In that episode, which became known as the "walk in the woods," Mr. Nitze tried to cut through the bureaucratic tangle but was thwarted when both Moscow and Washington repudiated the agreement.
Mr. Nitze refused an appointment in the first Bush administration as ambassador-at-large emeritus saying that such a post would leave him with no clear responsibilities. He retired to an office at the Paul H. Nitze School of Advanced International Studies of the Johns Hopkins University — a school that was named for him in 1989 — where he continued to write articles in a continuing attempt to influence policy.

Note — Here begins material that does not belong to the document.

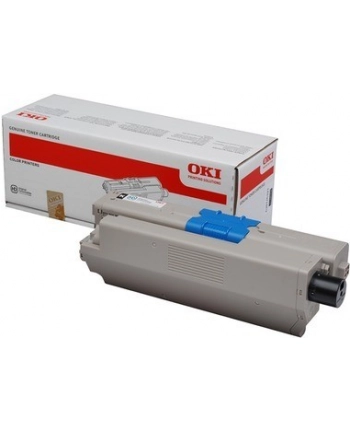 OKI TONER Black C532 MC573 7K nr 2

With that, his long career in government came to an end, a career that began in 1940 with a telegram that said, "Be in Washington Monday, Forrestal." The summons from James V. Forrestal, then a special assistant at the White House, lured Mr. Nitze from the lucrative confines of Wall Street to the first of many assignments in government that involved him in the supply of the Allies for the war effort, a survey of the impact of the bombing in Europe and in Japan after the atomic raids on Hiroshima and Nagasaki, the feeding of the hungry of war-ravaged Europe, the creation of the Marshall Plan and crises in Iran and Berlin.
In the aftermath of World War II, Mr. Nitze became part of that remarkable group of public servants — George F. Kennan, Charles E. Bohlen, Robert A. Lovett, John J. McCloy — that coalesced around Dean Acheson to develop foreign political and military policy as the United States took its place as a major world power.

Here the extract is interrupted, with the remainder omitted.